Les rejets viticoles
Les rejets viticoles concernent essentiellement les eaux de rinçage des pulvérisateurs. Aucun texte spécifique oblige expressément à traiter ces effluents. Mais même chose que précédemment. La loi sur l’eau du 3 janvier 1992 complétée par les règlements sanitaires départementaux (RSD) et la loi sur la police des eaux prévoient une interdiction générale « de déverser dans le milieu naturel des produits à caractère polluant susceptibles de modifier l’équilibre naturel ». En matière de rejets viticoles, si rien n’est dit sur les moyens à mettre en œuvre, les « bonnes pratiques » mettent l’accent sur le traitement amont, c’est-à-dire le rinçage à la parcelle plutôt que sur l’aire de lavage. Condition sine qua non : être équipé d’un réservoir d’eau claire embarqué, pour pouvoir diluer le fond de cuve au champ et l’épandre sur la parcelle. Mais reste toujours un volume mort de résidus phytosanitaire. Qu’en faire ? Jusqu’à maintenant la question restait sans réponse, sauf à reconstituer le niveau d’eau claire dans le pulvé, en attente de nouveaux traitements. Un arrêté interministériel qui devrait être déjà paru donne les grandes lignes du traitement des effluents viticoles. Après avoir rappelé l’intérêt du rinçage amont, il va surtout préciser en annexe les filières d’épuration aptes à traiter le volume mort du pulvérisateur ainsi que les résidus stockés en bout d’aire de lavage. Ces filières seront validées par l’INERIS (Institut national d’évaluation des risques). Parmi elles, sont cités les bio bacs dits encore « lits biologiques ». Le principe en est simple : les effluents sont aspergés sur un substrat constitué d’un mélange de terre et de paille, afin d’être dégradés par la microflore du sol.

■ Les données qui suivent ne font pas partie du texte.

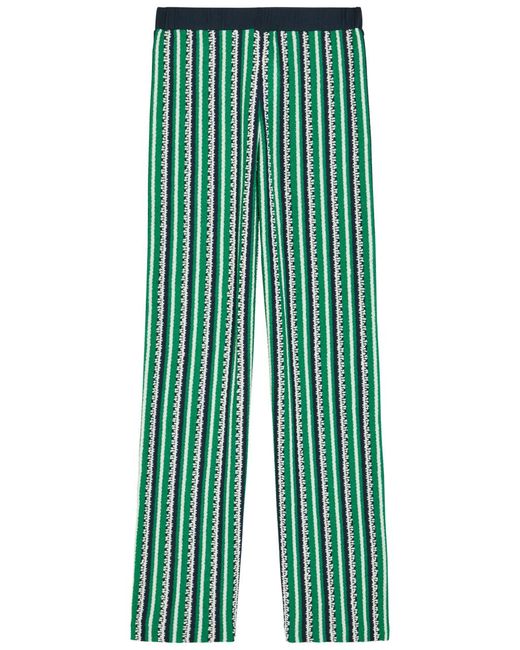 Jonathan Simkhai Green Brenner Striped Straight-Leg Knit Trousers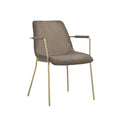 CARLO TAUPE / GOLD / ARMS DINING CHAIR (Set Of 2)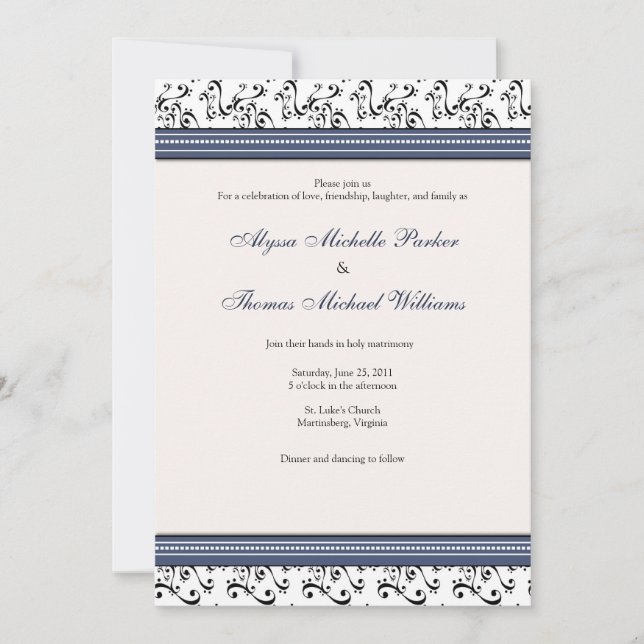 Modern Swirl Wedding Invitation (Navy) (Front)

Existe-t-il un lien entre ce que l’on peut appeler la « mise aux normes » – ce que recommande la loi – et les référentiels qualité type « agriculture raisonnée » ou norme 14001 ? Oui et non. Oui dans la mesure où l’adhésion à ces référentiels suppose de respecter les normes en vigueur. Parmi les nombreux points de contrôle, un certain nombre vise la mise en conformité avec la loi. Non dans la mesure où l’adhésion à ces référentiels s’inscrit dans une démarche totalement volontaire, sans aucun caractère obligatoire. C’est l’idée de « qui peut le plus peut le moins ». Toutes les entreprises qualifiées ou certifiées seront aux normes. Par contre, toutes les entreprises aux normes ne seront pas qualifiées ou certifiées.